Exercise: From the data below, return only the lines from the one with "Twitter Free Download PNG" through the one with "Dritz Enfile-Aiguille LED", exact and inclusive, with pictures left out.

>>>

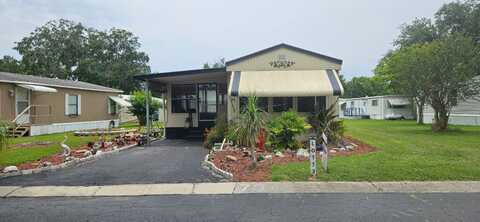 21253 Yontz Rd, Brookksville, FL 34601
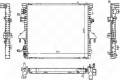 ZentParts Z20255 VW T5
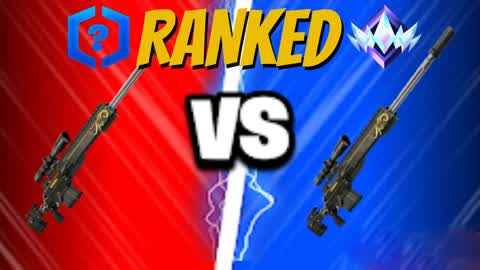 🔥SNIPERS VS SNIPERS🔥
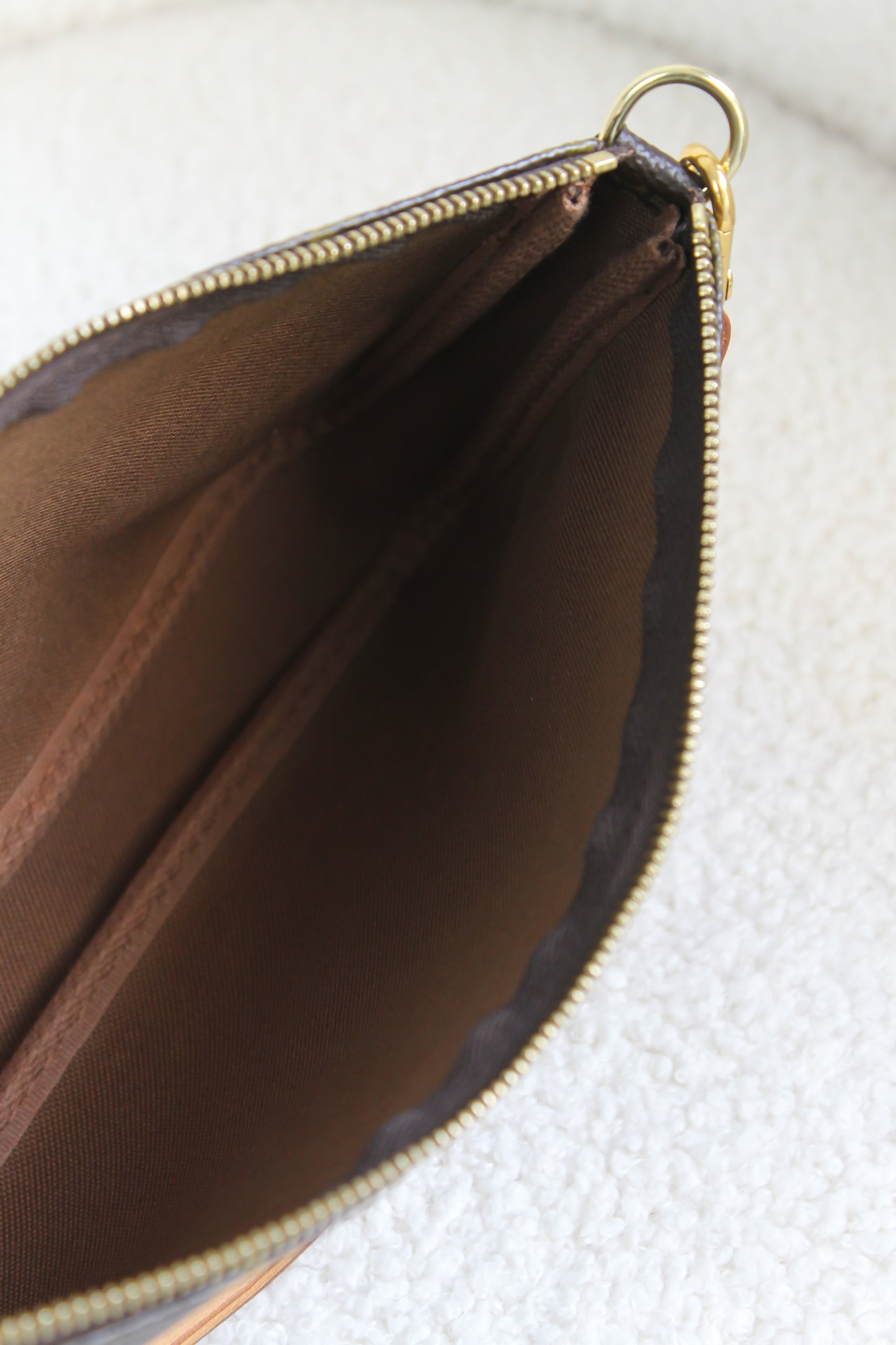 Louis Vuitton Pochette Accessoires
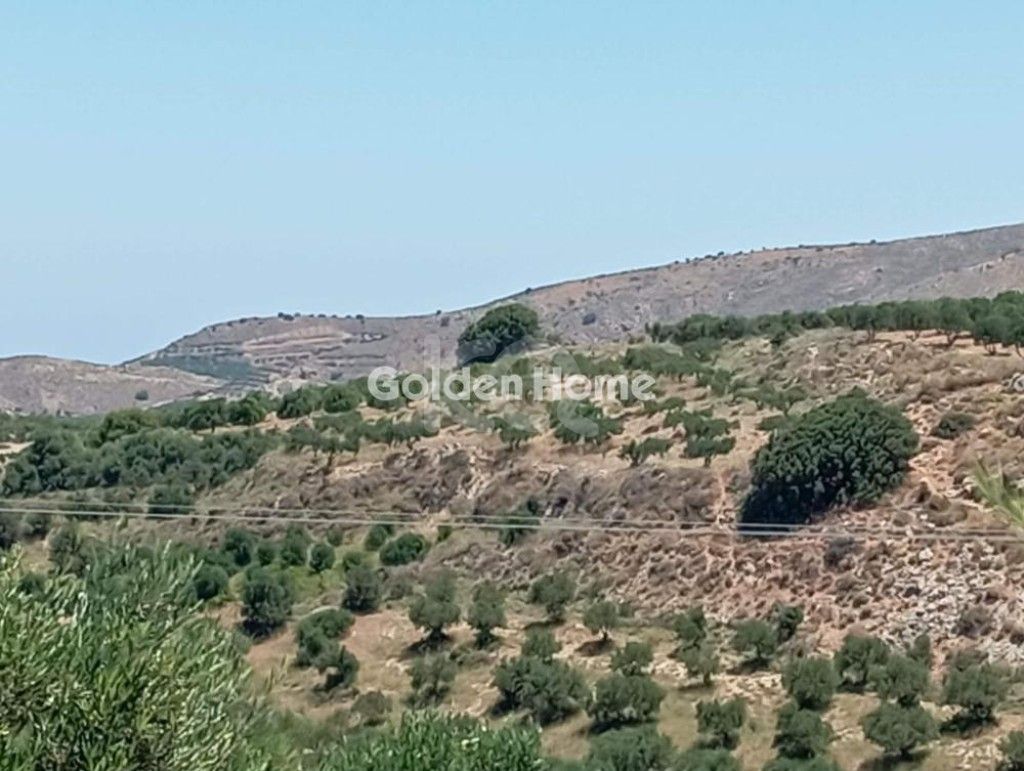 εικόνα αγγελίας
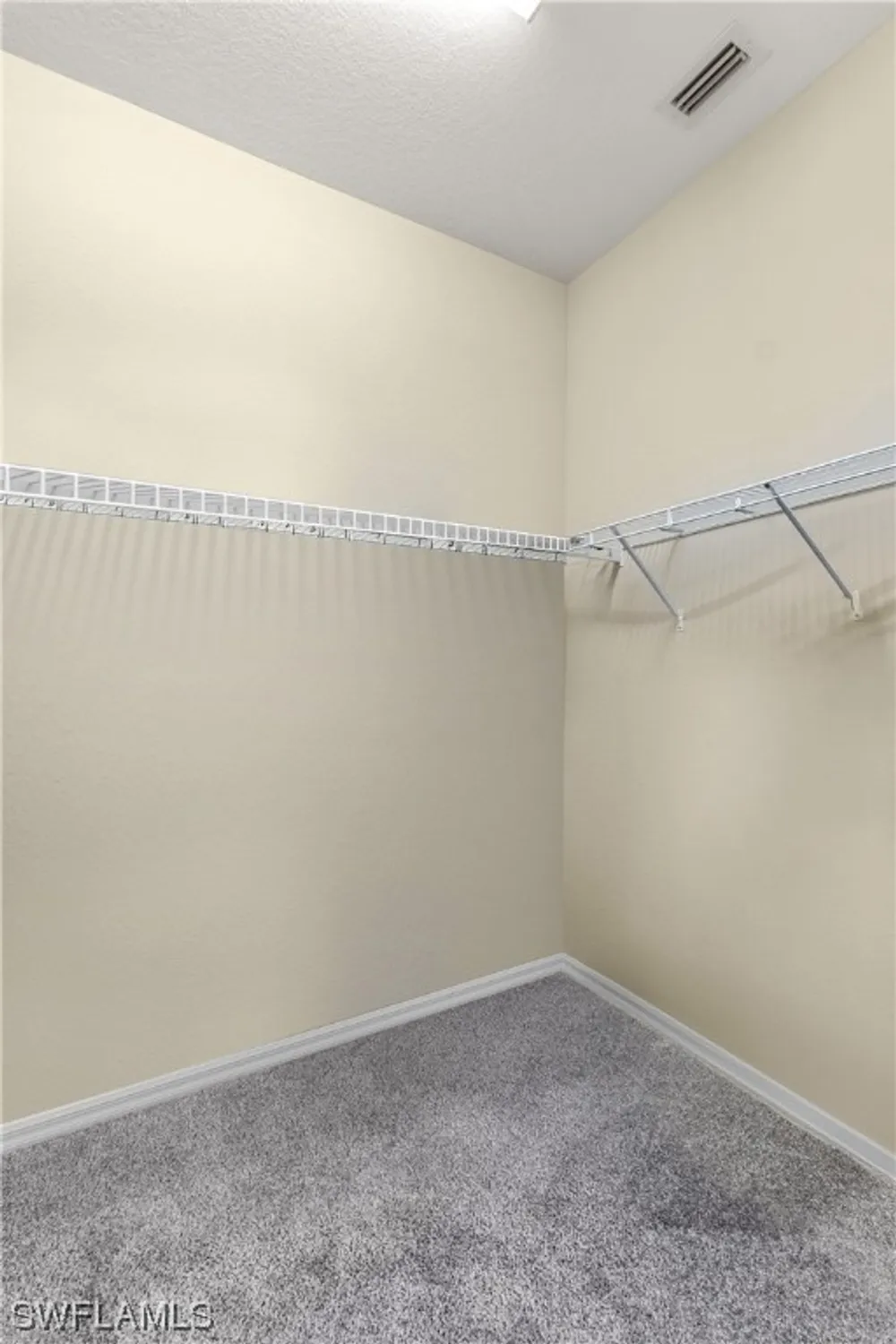 Property Slideshow image 17 of 46 | 8752 javiera way apt 8505, Fort Myers, FL, 33912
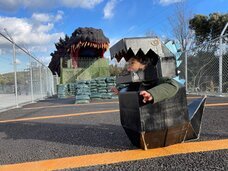 株式会社ニジゲンノモリのプレスリリース画像2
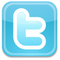 Twitter Free Download PNG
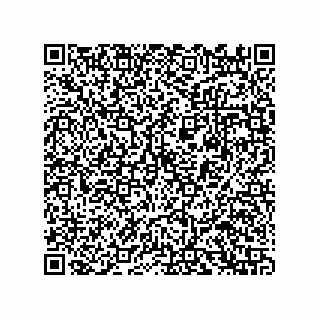 vCard 74212557259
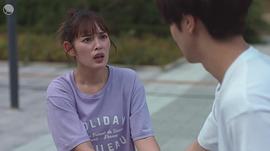 矢作穗香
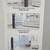 DREO Tower Fan 36" (Model TF414) - Ultra Quiet, Powerful, New! 3 thumbnail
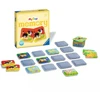 Ravensburger atminties žaidimas „My first memory® minkštas“, nuo 2,5 m.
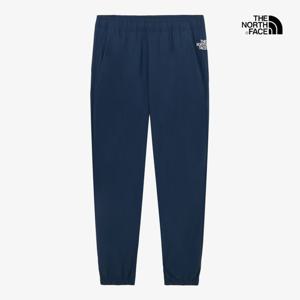 노스페이스 남성 트레이닝 아웃러쉬 조거 팬츠 NP6NQ58B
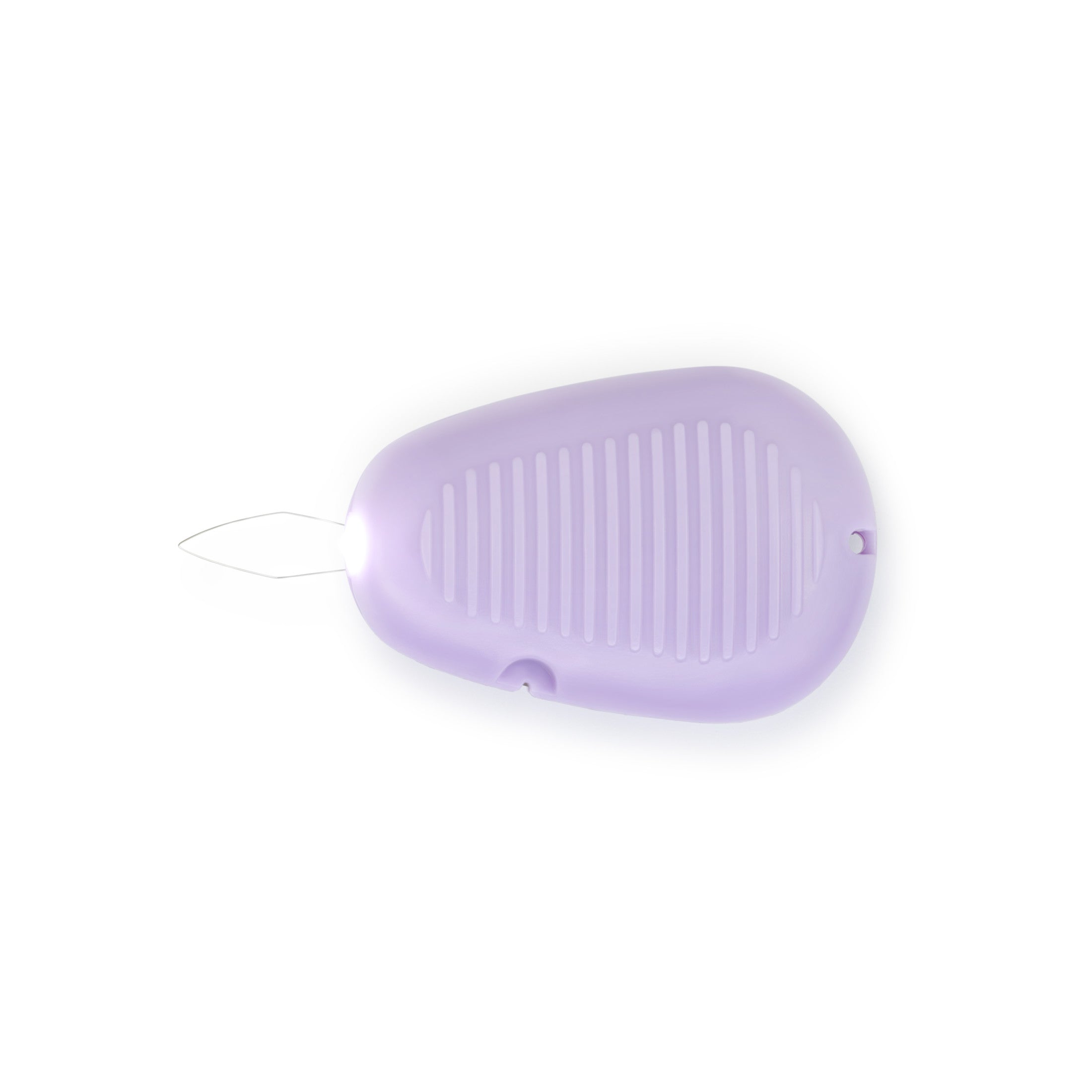 Dritz Enfile-Aiguille LED Coupe-Fil Couture Mercerie
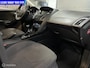 Ford Focus Wagon 1.0 Titanium 125pk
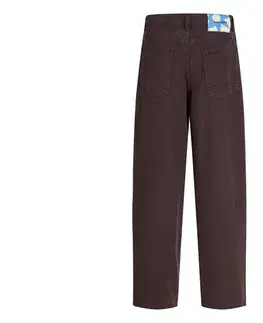 Nohavice Jack&Jones Twist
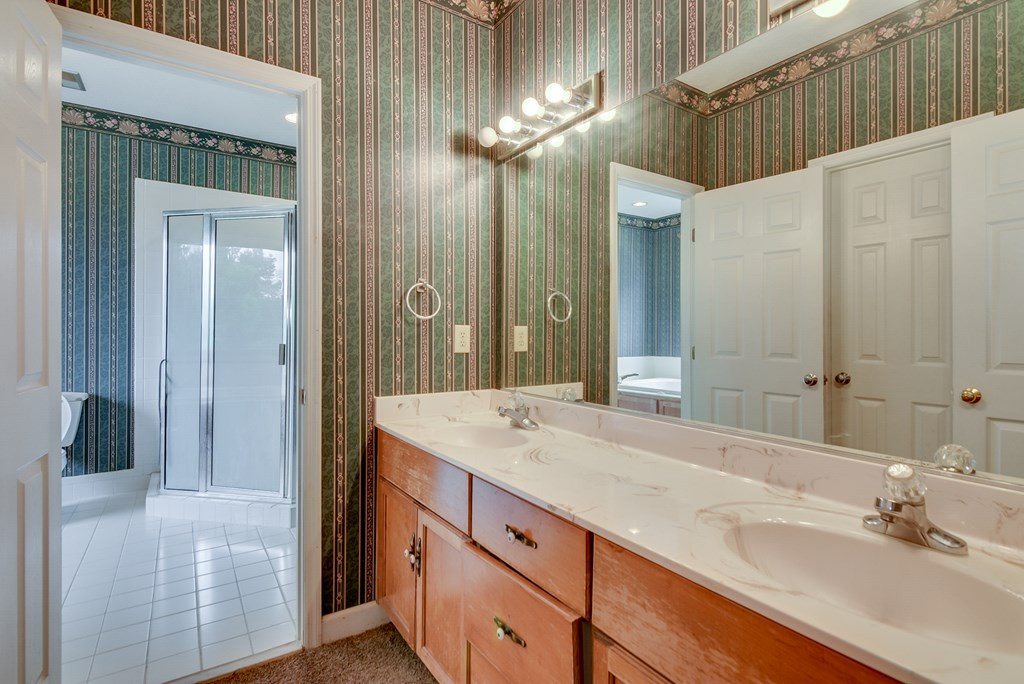 4850 Hereford Farm Road Evans, GA 30809 - Photo 41 of 53 Gallery Image 41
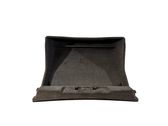 Glove box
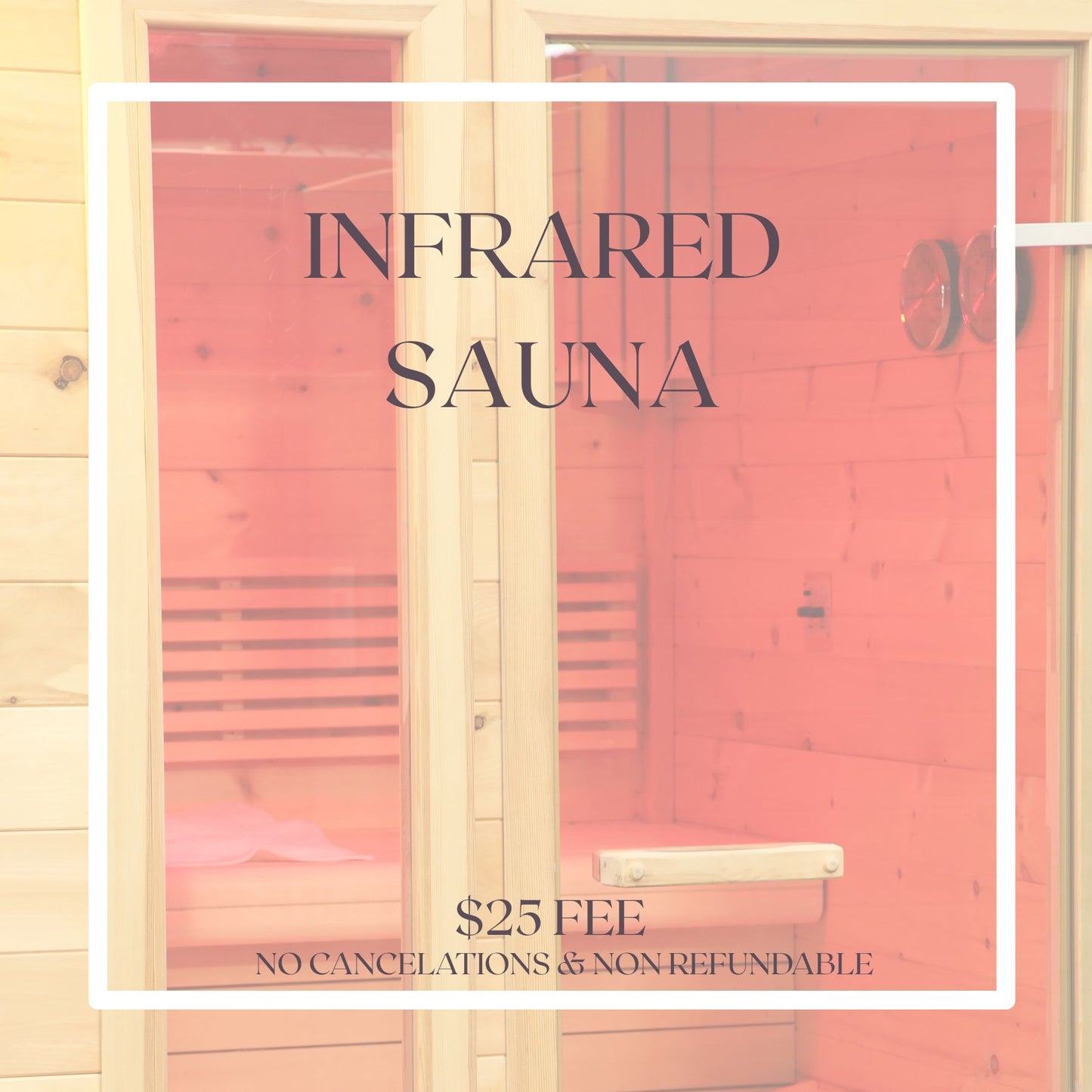 Infared Sauna Experience | Sunlighten MPulse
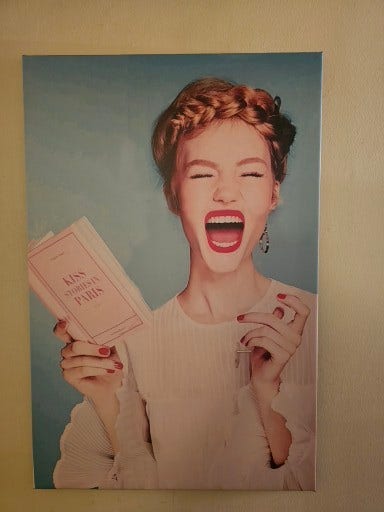 Best Westside Huge Master Suite, CA KING, h y  Main Photo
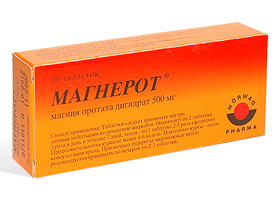 Какая пища содержит калий и магний. В каких продуктах содержится калий и магний? К основным признакам нехватки калия относят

<<<

Output:
 Twitter Free Download PNG
 vCard 74212557259
 矢作穗香
 DREO Tower Fan 36" (Model TF414) - Ultra Quiet, Powerful, New! 3 thumbnail
 Ravensburger atminties žaidimas „My first memory® minkštas“, nuo 2,5 m.
 노스페이스 남성 트레이닝 아웃러쉬 조거 팬츠 NP6NQ58B
 Dritz Enfile-Aiguille LED Coupe-Fil Couture Mercerie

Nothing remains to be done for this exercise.